You are correct. We'll need the Virtual IP available on all 3 nodes, requiring all hosts to be in the same row.

Let's hold off on these VMs until we have a better understanding of the HA architecture and some automation in place.

akosiaris changed the task status from Open to Stalled.Jul 3 2019, 1:47 PM

Let's hold off on these VMs until we have a better understanding of the HA architecture and some automation in place.

Fine by me. Setting to Stalled then.

Some questions I have. Do we have a single ganeti hypervisor in each row? Could you set affiniting/pinning for VMs/hypervisor running in ganeti? For what value of N we could deploy N virtual machines in N different ganeti hypervisors in the same DC row?

Some questions I have. Do we have a single ganeti hypervisor in each row? Could you set affiniting/pinning for VMs/hypervisor running in ganeti? For what value of N we could deploy N virtual machines in N different ganeti hypervisors in the same DC row?

From the context I understand you refer to hardware machines, not https://en.wikipedia.org/wiki/Hypervisor, disregard the answer below if my understanding was wrong.

We have 2 sets of 4 or 6 hardware machines currently, depending on DC and row. For now we are limited to 2 rows, but this is to be fixed soon as we have already procured (and in codfw's case provisioned as well, although not yet put into service) the hardware required for expanding to a 3rd row. VMs can not migrate across rows of course. So N is in the [4,5,6] set currently.

We can pin a VM on a specific hardware machine, but giving it a non migrate-able storage type. That does mean that when the node goes down (for whatever reason, the VM will also not be available). Depending on the service provided by that node, that may very well be fine. An example is etcd, a distributed data store than can survive a node not being available.

We can also inform the allocator that it should not place VMs that are powering the same service on the same hardware machines by tagging them specifically. During rebalancings of the cluster the allocator does its best to honor that (if the cluster is overly packed it can't really help much of course).

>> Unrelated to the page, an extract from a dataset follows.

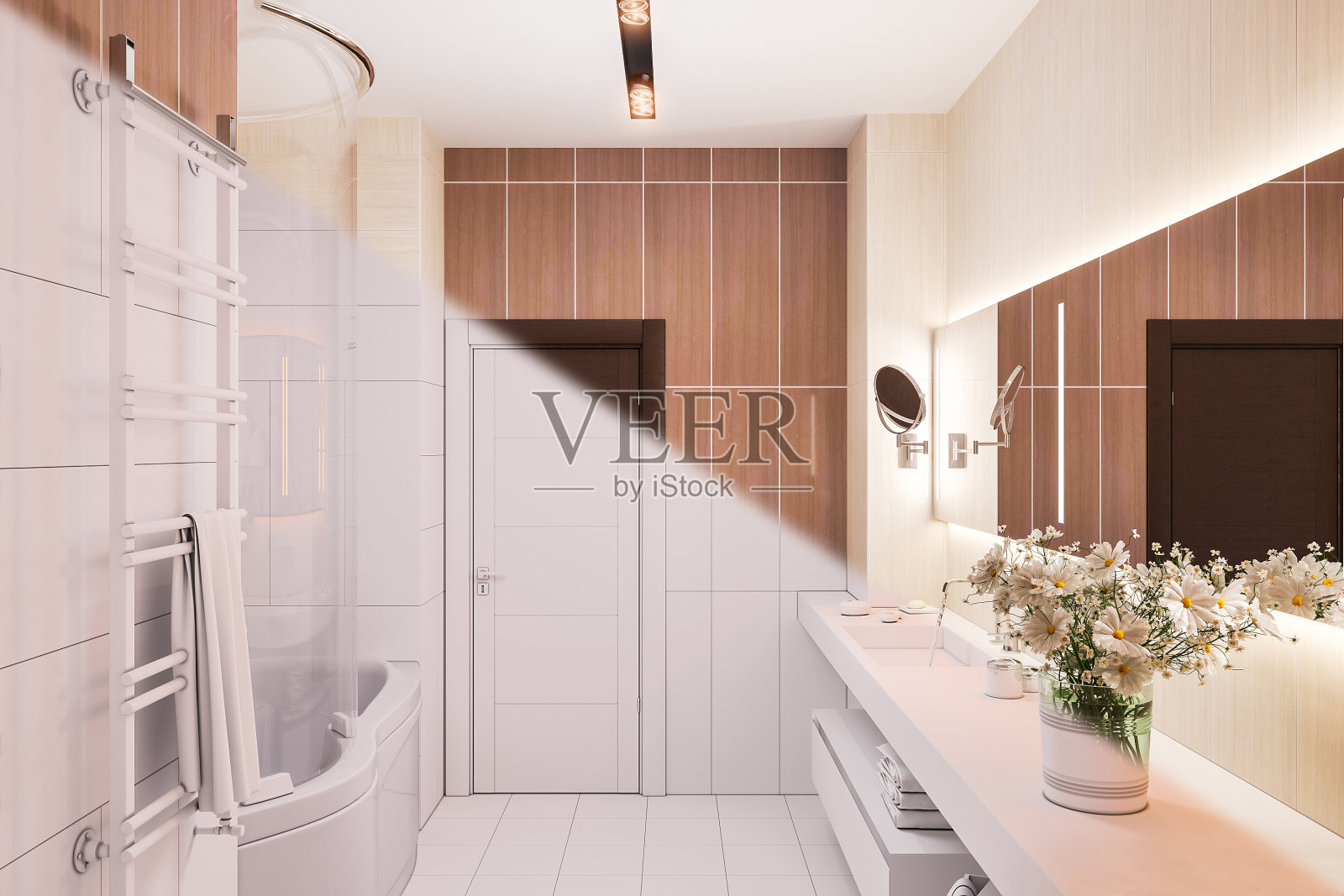 3d渲染室内设计的现代浴室与一个大镜子照片摄影图片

OK, thanks. So I think we could have 2 or 3 VMs in the same row, but running on different hardware, which more or less serves our goal for availability from the SPOF point of view.

JHedden closed this task as Resolved.Aug 16 2019, 3:03 PM

For this phase we're going to install haproxy directly on the openstack controllers. We will not be needing these VMs. Thank you for all the information, it was very helpful.